1. Malcolm Marx’s ability over the ball at the breakdown was match-winning for the Lions. There wasn’t a bigger moment in the game than on 50 minutes when Marx once again turned over the opposition’s possession with the Jaguares threatening to score and take the lead. 

The visitors had scored 14 unanswered points to make it a four-point game and they were on a roll. They won nine phases and looked sure to take the lead. Enter the mighty Marx. In all he made four turnovers, eight tackles, five carries and he also scored a try.

2. Super Rugby’s play-off victors all showed an appreciation for field position and the value of an effective territorial kicking game. In all four matches the winning team kicked more than the losing team, and in three of them (the Crusaders being the exception), the winning team played with less possession. And despite kicking more, the winning teams also scored great tries. 

Rugby is a game in which kicking is critical to balance and to outcome. Elton Jantjies, for the Lions, was particularly good in knowing when to kick, and why he was kicking. His drop goal to stretch the Lions lead to 14 points in the last quarter was quality execution of play-off rugby.

3. Siviwe Soyizwapi stepped and swerved his way into the record books at the World Cup Sevens with four tries against Ireland and another against Scotland in South Africa’s crushing quarter-final win. At the time of writing, the Blitzboks hadn’t played their semi-final against England, but they’d already made history in making the World Cup semi-final for the first time in 21 years. 

Soyizwapi’s four tries were the first in a World Cup match since 2005 and only the ninth time it has been achieved at a World Cup.
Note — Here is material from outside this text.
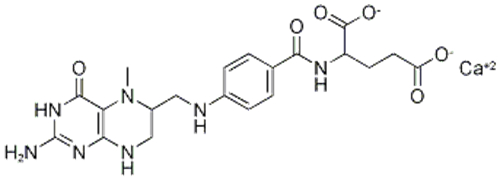 L-Glutamic acid, N-4-(2-amino-1,4,5,6,7,8-hexahydro-5-methyl-4-oxo-6-pteridinyl)methylaminobenzoyl-, calcium salt (1:1) CAS 26560-38-3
Malcolm Marx’s ability over the ball at the breakdown was match-winning for the Lions. Photo: Christiaan Kotze/Backpagepix

Rants

1. The Sharks’s inconsistency and abysmal defence can’t escape censure. It was awful and the game against the champion Crusaders was over within the first 11 minutes. The Sharks have been hit-and-miss all season but I expected so much more from them. They’ve troubled the New Zealand teams all season, winning three and losing one (by a point). But the Crusaders are in a different class and for the Sharks to have had any chance of a win they simply had to make their tackles and start well. It really was a long way to travel to take a beating.
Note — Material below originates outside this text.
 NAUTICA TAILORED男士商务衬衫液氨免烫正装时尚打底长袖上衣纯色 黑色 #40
2. Whilst on the subject of beatings, the most appalling story in rugby in the past week has been that of the Rebels’ Amanaki Mafi beating up his teammate and childhood friend Lopeti Timani. Timani allegedly insulted one of Mafi’s family during a drinking session and Mafi took to beating him up.

Reports quote Timani as saying he thought he was going to die as Mafi beat him and repeatedly shouted “I am the man I am the man ” Former Australian, Waratahs and Toulon winger Drew Mitchell summed it up best when he tweeted “no mate, no mate you are not the man ”

3. Stormers assistant coach Paul Treu stormed out of the season’s coaching review session and hasn’t returned. Treu is said to have had enough of being marginalised and treated like a token within the Stormers set-up. Treu, a former Blitzboks World Series-winning player and coach, is one of the great gentlemen of the game. 

The treatment of Treu is disgusting and again the lack of leadership within the Stormers is appalling in the apathetic manner in which the coaching issue has been handled.